> **Exercise**:
From the first line to the last, copy the data exactly and drop the pictures.

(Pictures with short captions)
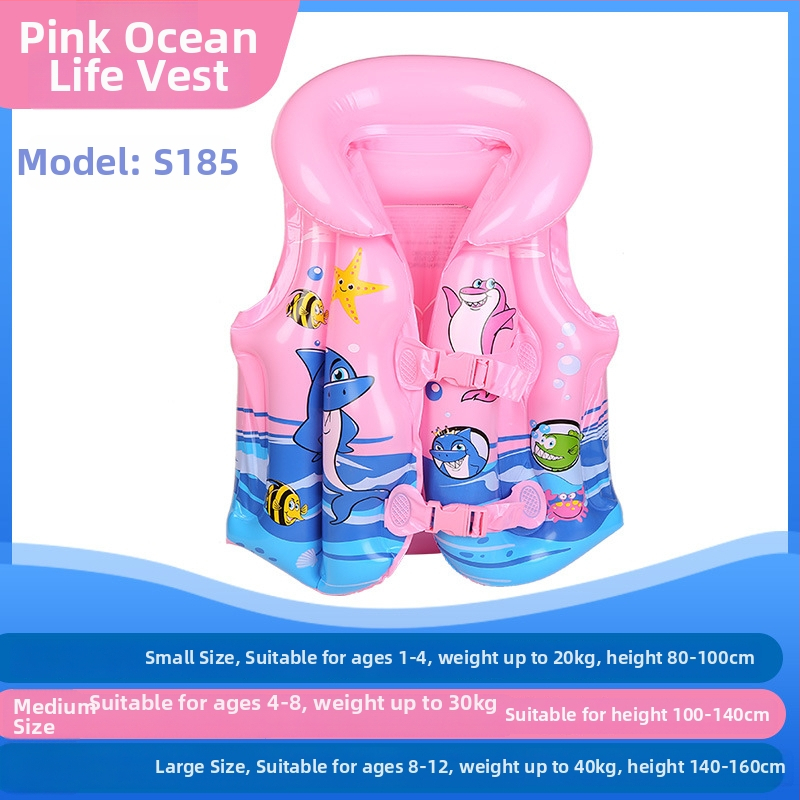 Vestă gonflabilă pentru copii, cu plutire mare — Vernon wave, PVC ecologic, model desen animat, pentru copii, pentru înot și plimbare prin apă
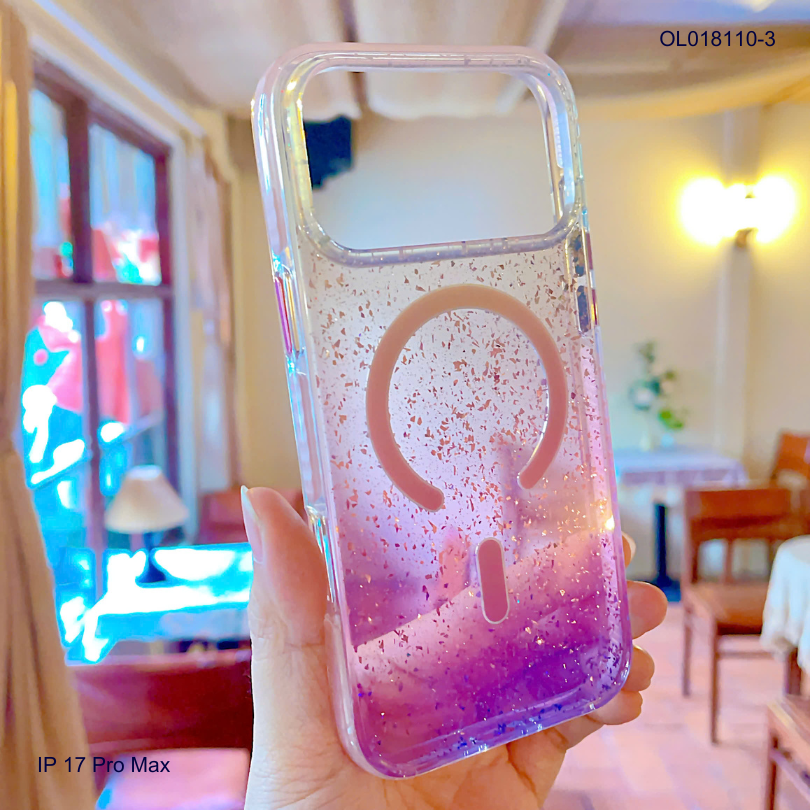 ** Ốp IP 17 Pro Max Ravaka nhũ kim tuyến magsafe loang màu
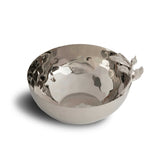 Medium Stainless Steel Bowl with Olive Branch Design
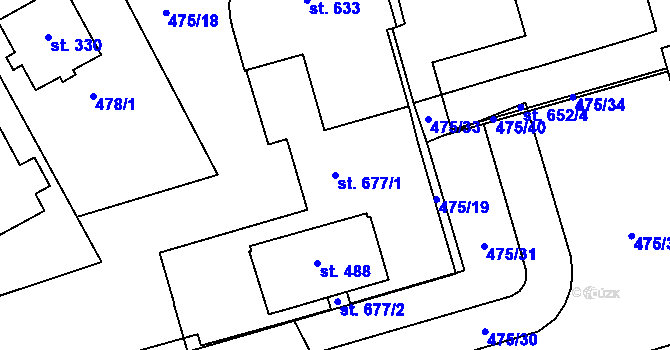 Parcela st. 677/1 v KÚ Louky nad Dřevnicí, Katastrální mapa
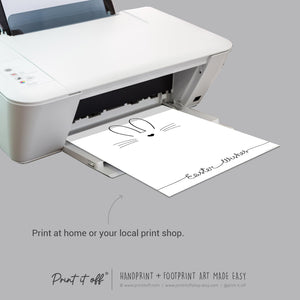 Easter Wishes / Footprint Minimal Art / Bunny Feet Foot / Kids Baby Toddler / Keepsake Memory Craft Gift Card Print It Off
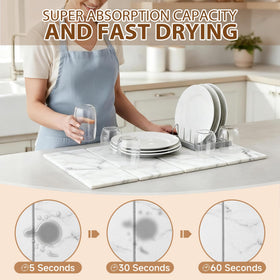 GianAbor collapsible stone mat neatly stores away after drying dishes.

> **Expected output**:
 Vestă gonflabilă pentru copii, cu plutire mare — Vernon wave, PVC ecologic, model desen animat, pentru copii, pentru înot și plimbare prin apă
 ** Ốp IP 17 Pro Max Ravaka nhũ kim tuyến magsafe loang màu
 Medium Stainless Steel Bowl with Olive Branch Design
 Parcela st. 677/1 v KÚ Louky nad Dřevnicí, Katastrální mapa
 Easter Wishes / Footprint Minimal Art / Bunny Feet Foot / Kids Baby Toddler / Keepsake Memory Craft Gift Card Print It Off
 GianAbor collapsible stone mat neatly stores away after drying dishes.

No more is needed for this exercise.